**ACTIVITY**
Return only the lines of the listing below that run from the line with "Rastrelliera per Legna" through the line with "1000L IBC Tank", both ends included, exactly as written.

########

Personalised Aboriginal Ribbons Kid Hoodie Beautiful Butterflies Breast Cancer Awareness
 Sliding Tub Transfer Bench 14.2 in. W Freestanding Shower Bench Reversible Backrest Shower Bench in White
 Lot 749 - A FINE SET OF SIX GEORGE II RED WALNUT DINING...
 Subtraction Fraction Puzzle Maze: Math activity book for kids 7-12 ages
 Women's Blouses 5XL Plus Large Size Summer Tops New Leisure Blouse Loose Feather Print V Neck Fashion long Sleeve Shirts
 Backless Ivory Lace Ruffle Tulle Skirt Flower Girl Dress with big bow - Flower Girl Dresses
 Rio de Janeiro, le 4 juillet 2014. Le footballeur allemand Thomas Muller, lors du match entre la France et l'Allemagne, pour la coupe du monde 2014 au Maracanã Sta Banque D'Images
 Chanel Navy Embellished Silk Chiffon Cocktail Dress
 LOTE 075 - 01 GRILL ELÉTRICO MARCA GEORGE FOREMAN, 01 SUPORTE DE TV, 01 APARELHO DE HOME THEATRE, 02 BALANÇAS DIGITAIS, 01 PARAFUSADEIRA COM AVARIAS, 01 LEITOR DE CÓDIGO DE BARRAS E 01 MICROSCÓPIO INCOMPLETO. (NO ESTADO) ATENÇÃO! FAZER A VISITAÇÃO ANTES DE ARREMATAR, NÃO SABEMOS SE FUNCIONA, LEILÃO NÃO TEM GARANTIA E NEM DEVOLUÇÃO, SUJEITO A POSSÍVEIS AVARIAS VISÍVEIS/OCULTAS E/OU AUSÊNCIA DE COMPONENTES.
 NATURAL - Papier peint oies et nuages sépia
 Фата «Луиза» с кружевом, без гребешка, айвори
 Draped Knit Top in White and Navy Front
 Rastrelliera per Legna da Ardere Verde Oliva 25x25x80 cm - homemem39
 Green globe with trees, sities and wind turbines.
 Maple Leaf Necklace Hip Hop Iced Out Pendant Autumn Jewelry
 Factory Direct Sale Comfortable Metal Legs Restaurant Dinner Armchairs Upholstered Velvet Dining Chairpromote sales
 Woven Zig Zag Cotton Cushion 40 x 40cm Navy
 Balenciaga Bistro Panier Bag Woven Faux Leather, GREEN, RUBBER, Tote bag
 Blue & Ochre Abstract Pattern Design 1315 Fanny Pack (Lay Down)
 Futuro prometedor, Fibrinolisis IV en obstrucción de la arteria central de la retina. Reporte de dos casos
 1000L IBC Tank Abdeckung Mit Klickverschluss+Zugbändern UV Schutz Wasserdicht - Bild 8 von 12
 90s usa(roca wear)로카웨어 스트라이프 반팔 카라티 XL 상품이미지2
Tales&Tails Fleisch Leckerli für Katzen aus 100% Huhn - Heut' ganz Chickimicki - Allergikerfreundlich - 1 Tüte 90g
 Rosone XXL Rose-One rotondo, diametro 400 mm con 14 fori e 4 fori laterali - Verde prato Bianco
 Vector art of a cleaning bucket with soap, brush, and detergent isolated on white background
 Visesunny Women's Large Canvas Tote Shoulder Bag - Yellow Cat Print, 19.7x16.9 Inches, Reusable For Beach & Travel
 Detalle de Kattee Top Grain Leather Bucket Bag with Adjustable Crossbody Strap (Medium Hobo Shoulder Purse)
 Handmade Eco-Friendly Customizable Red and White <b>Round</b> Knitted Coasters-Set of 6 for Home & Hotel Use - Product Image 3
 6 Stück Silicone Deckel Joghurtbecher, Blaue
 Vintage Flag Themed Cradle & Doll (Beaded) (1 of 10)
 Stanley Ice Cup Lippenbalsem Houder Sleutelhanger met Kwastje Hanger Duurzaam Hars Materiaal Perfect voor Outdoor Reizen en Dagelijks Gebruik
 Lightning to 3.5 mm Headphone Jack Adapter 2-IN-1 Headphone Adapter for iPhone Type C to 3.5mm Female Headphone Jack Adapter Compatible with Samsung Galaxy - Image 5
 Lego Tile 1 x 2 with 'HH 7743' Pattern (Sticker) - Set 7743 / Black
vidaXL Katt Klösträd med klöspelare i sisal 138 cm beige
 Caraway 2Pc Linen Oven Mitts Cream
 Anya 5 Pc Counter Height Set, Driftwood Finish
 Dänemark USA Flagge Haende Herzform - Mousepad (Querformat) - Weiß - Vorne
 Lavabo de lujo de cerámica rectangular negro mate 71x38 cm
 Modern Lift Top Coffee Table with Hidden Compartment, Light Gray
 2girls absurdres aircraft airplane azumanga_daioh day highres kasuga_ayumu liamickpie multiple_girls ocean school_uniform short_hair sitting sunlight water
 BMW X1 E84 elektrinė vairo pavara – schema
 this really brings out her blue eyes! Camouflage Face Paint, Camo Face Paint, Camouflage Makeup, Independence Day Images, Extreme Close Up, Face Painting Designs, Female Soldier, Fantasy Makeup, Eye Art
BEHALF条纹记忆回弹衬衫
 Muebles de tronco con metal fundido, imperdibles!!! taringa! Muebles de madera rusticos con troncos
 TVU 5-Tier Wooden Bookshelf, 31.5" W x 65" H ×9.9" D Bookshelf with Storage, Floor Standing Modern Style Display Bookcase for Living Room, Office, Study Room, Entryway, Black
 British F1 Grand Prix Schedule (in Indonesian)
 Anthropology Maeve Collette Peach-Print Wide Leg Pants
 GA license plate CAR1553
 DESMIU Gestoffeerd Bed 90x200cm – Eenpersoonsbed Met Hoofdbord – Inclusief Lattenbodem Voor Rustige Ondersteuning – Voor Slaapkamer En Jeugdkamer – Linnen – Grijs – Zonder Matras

########

**ANSWER AREA**
 Rastrelliera per Legna da Ardere Verde Oliva 25x25x80 cm - homemem39
 Green globe with trees, sities and wind turbines.
 Maple Leaf Necklace Hip Hop Iced Out Pendant Autumn Jewelry
 Factory Direct Sale Comfortable Metal Legs Restaurant Dinner Armchairs Upholstered Velvet Dining Chairpromote sales
 Woven Zig Zag Cotton Cushion 40 x 40cm Navy
 Balenciaga Bistro Panier Bag Woven Faux Leather, GREEN, RUBBER, Tote bag
 Blue & Ochre Abstract Pattern Design 1315 Fanny Pack (Lay Down)
 Futuro prometedor, Fibrinolisis IV en obstrucción de la arteria central de la retina. Reporte de dos casos
 1000L IBC Tank Abdeckung Mit Klickverschluss+Zugbändern UV Schutz Wasserdicht - Bild 8 von 12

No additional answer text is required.